東京都江東区の富賀岡八幡宮と富岡八幡宮、神奈川県伊勢原市の西富岡八幡宮に共通する伝承は、太田道灌が崇敬したと伝えられる八幡像に由来します。

1.富賀岡八幡宮
地下鉄東西線の南砂町駅東口より徒歩10分程の所に、富賀岡八幡宮があります。駅周辺にこの八幡の案内板はありませんが、元八幡通りを目指して行けば見つかります。
当宮は深川の富岡八幡宮の元宮として、また、砂村総鎮守として広く知られています。
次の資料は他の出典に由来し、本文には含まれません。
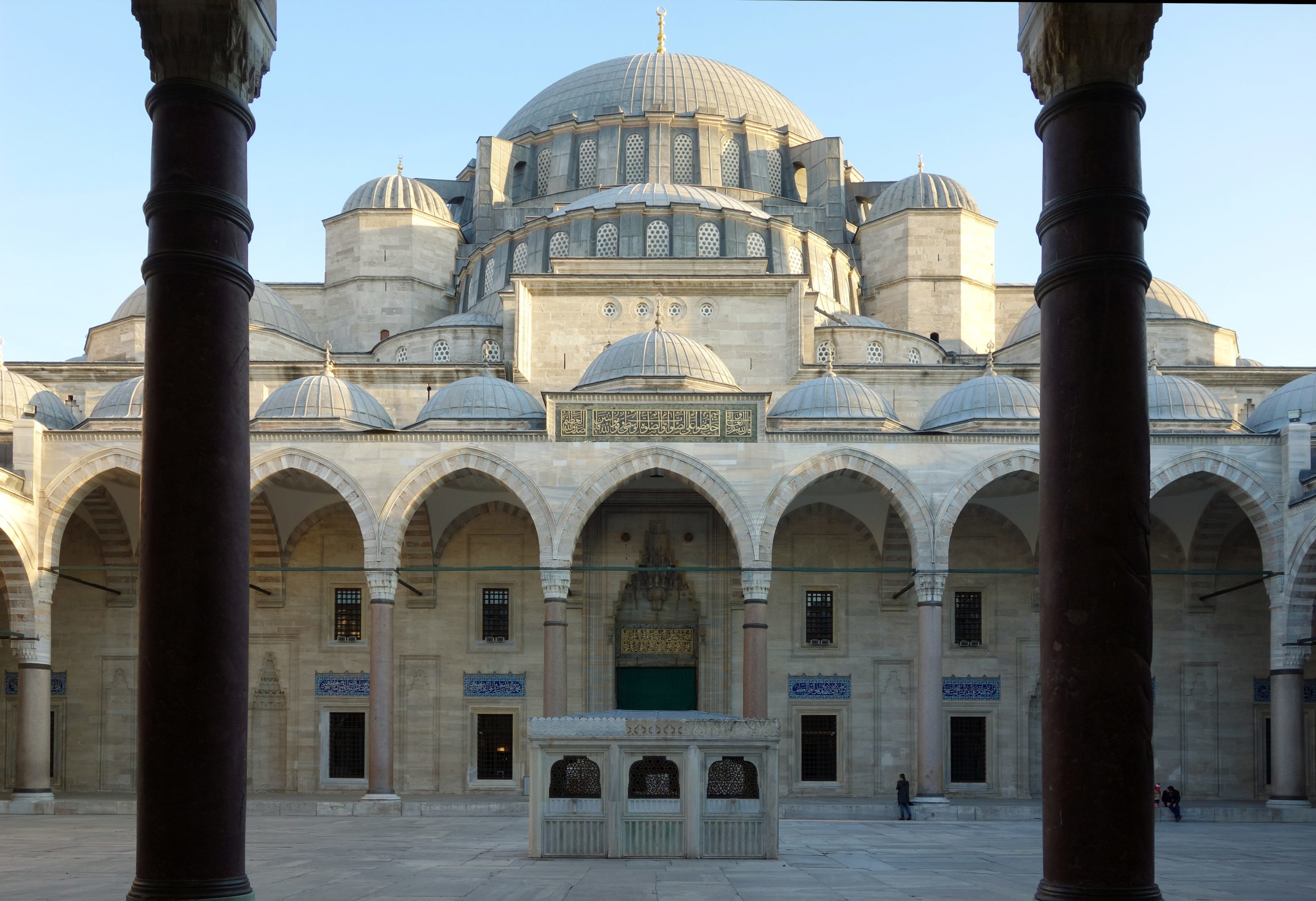 Brepols - The Religious Architecture of Islam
その創建は古く、藤原鎌足の孫、藤原豊成卿が下総守に任じられ下向のみぎり、749年(天平勝宝元年)に創立された区内屈指の古社であります。
富賀岡八幡宮.JPG 
(富賀岡八幡宮)
ご由緒によると、当宮に奉祭されていた「八幡像」は、源三位頼政、千葉氏、足利尊氏、鎌倉公方基氏、管領上杉氏から太田道灌へと伝えられ、特に道灌より厚い崇敬を受けていたものであります。
由緒書き.JPG
(ご由緒に太田道灌のこと)
広重の『江戸名所百景』を見ると、かつて当宮は海の近くにあり、桜並木の参詣道をもっていましたが、今はその面影もありません。
富賀岡八幡宮=東京都江東区南砂7-14-18

2.富岡八幡宮
地下鉄東西線の門前仲町駅を出ると、目の前に富岡八幡と深川不動の門前町が一気に広がり、江戸の下町の雰囲気に包まれます。
富岡八幡.JPG
(富岡八幡宮)
富岡八幡宮は、深川八幡宮とも称され、天平宝字年間(757〜765)の創建と伝えられます。『江戸名所図会』には富岡八幡の八幡像について「源三位頼政が尊崇した神像を千葉・足利両氏が伝え、のち太田道灌の守護神になる」とあります。現在当宮の境内に、そのことが書かれた由緒書きが見つかりません。
当宮は1627年(寛永4)に永代島に再建、江戸下町の繁盛につれて特に深川木場の尊崇を集めました。8月15日が例祭で、神田祭、山王祭とともに江戸三大祭りの一つです。
鳥居をくぐると左右に、かつてこのあたりに住んでいた伊能忠敬の銅像と大関力士碑があります。
I伊能忠敬像.JPG
(伊能忠敬の銅像)
IMG_0622.JPG
(大関力士碑)
富岡八幡宮=東京都江東区富岡1-20-3

3.西富岡八幡宮 
小田急線の伊勢原駅より、県道63号線を北へ車で10分も走ると、分かれ道の手前の西富岡八幡神社にきます。
富岡八幡宮.JPG 
  (西富岡八幡神社)
IMG_0572.JPG 
   (由緒書きの碑)
 この八幡神社の創立は詳(つまびらか)ではないものの、由緒には「当地草創に当り氏子庶民の天神を奉斎したに始まると言う。即ち当社の例祭に当り神事草分け祭りを奉行し、祖先の此の地を開いた功に報い生存の喜びを祝ったものである。
文明年間(1469〜87年)に関東管領上杉定正の臣大田道灌が下総国葛飾郡の富岡八幡宮を此の地に遷座し、厚く尊信し、これより富岡村と呼び、元亀年間(1570〜73年)に西富岡村と呼ぶとも伝える。」とあります。
 東京の江東区と伊勢原が、「富岡」という地名でつながっていることに、不思議な因縁を感じます。